TASK DESCRIPTION: Find the line in the data below that contains "Zwroty z UK". Return that line and all the lines after it, unchanged.

[Stored data entries]
*** Block opens ***

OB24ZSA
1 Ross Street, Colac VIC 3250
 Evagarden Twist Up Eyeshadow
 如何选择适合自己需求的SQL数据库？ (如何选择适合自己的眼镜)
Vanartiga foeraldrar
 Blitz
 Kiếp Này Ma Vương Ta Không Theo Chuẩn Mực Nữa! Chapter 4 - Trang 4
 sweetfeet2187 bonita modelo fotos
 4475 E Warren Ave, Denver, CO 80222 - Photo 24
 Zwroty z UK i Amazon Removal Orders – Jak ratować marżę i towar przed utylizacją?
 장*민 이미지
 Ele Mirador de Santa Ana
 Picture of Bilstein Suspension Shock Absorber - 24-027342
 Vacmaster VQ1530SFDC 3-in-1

*** Block closes ***

RESPONSE FOR THIS EXERCISE:
 Zwroty z UK i Amazon Removal Orders – Jak ratować marżę i towar przed utylizacją?
 장*민 이미지
 Ele Mirador de Santa Ana
 Picture of Bilstein Suspension Shock Absorber - 24-027342
 Vacmaster VQ1530SFDC 3-in-1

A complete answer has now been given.